Last-minute legislative push is on for new DUI measure
OLYMPIA -- There are up to 40,000 DUI arrests every year in Washington and most are first-time offenders like Hannah Casar.
“I am very careful now going out; I think it’s really helped me, I think the one-time conviction,” said Casar.
King County prosecutor Dan Satterberg wants stricter DUI laws and believes resources should be spent on the 13% who are repeat offenders.
“I want to focus on repeat offenders, not try for everything for everybody,” said Satterberg.

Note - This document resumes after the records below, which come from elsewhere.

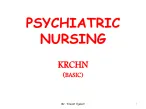 PHYCHIATRIC NURSING HANDBOOK 2020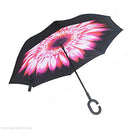 ABCCANOPY Inverted Umbrella Double Layer Reverse Windproof Teflon Repellent - Brand New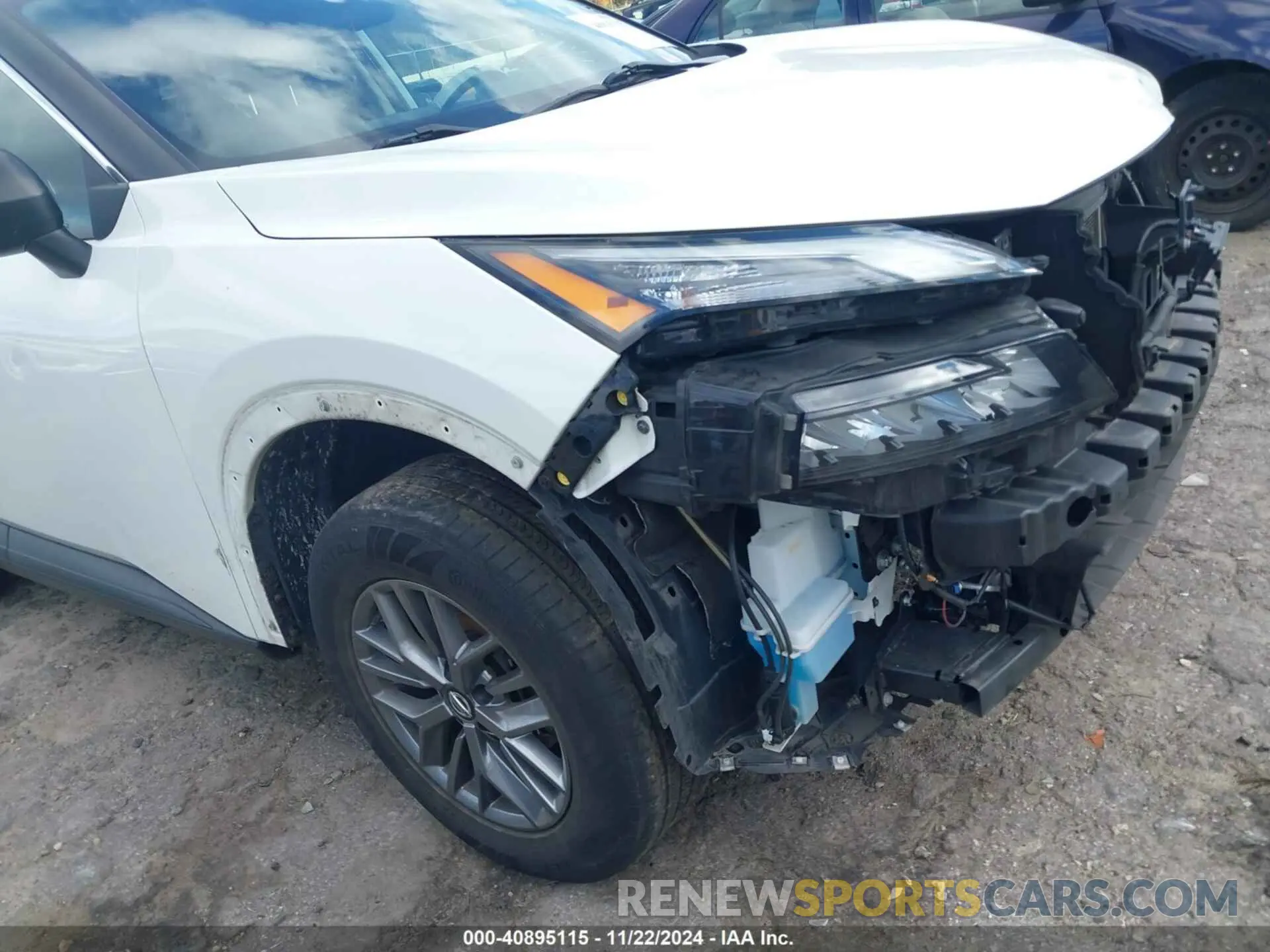 18 Photograph of a damaged car 5N1AT3AB4MC782185 NISSAN ROGUE 2021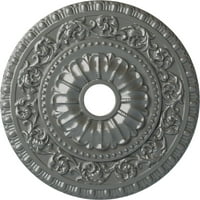 Stolarija 1 2 1 2 1 2 1 8 Vaduz stropni medaljon, ručno oslikan srebrom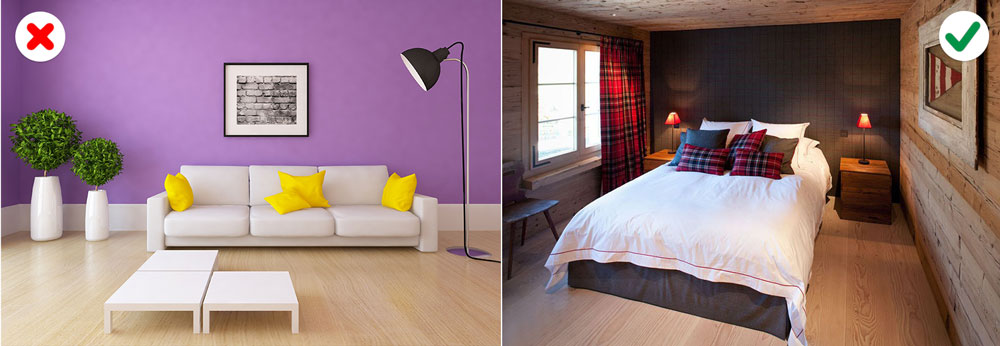 10 sai lầm về màu sắc khiến căn nhà trở nên xấu xí - 5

The bill sets mandatory minimum jail times for second and third offenses, but offenders can avoid a six-month jail term on a second offense if they enroll in an approved sobriety program and wear a special bracelet that would alert authorities if they ingest any alcohol.
On a third offense, offenders would be sentenced to a year in jail and issued an identification card that would prohibit them from purchasing alcohol for 10 years.
It would also require that ignition interlock devices be installed during the mandatory 12-hour impounding of a vehicle after a DUI arrest -- and before a conviction.
Top safety officials attending a hearing in Olympia Thursday said, however, that the new DUI bill, HB 2030, is too broad and focuses too much on first-time offenders.
State Rep. Roger Goodman, D-Kirkland, said he’s taking that advice to heart. Some say Goodman’s solution to rehabilitate repeat offenders is certainly bold.
“On your third DUI conviction, you will receive a special driver’s license that’s marked that will prohibit you from being sold or served alcohol,” said Goodman.
Under this bill, with a second DUI conviction, offenders will get the chance to pick between jail or taking a sobriety program.
“For the court to say you can’t drink alcohol anymore, that is a bold move; whether or not the courts are ready to enforce it or not is another question,” said Satterberg.
Lawmakers are discussing technology that could help supervise those who choose sobriety, including a special bracelet that can detect alcohol through the skin. But the costs are big and Goodman said the expense will be fronted by the offenders, not taxpayers.
“Ordering people not to drink is a futile effort if you don’t have a drug treatment program,” said Satterberg,
Goodman said prison is not the answer and he hopes to emphasize treatment in the fight against DUIs.
“The thing now that’s most promising right now is that people are talking about DUI because, frankly, the answer is not the new laws but in the attitude,” said Satterberg.
For Casar, that attitude change unfortunately came with handcuffs but says she will never do it again.
“Have a plan of how you are going to get home,” advised Casar.
The ACLU said installing ignition interlock devices on people's vehicles before they are convicted of a DUI could be a violation of rights. They want a judge to have probable cause before they mandate the device be installed.
Goodman said that is a good point and the bill will be rewritten to reflect that. But the Legislature is scheduled to complete business on April 28.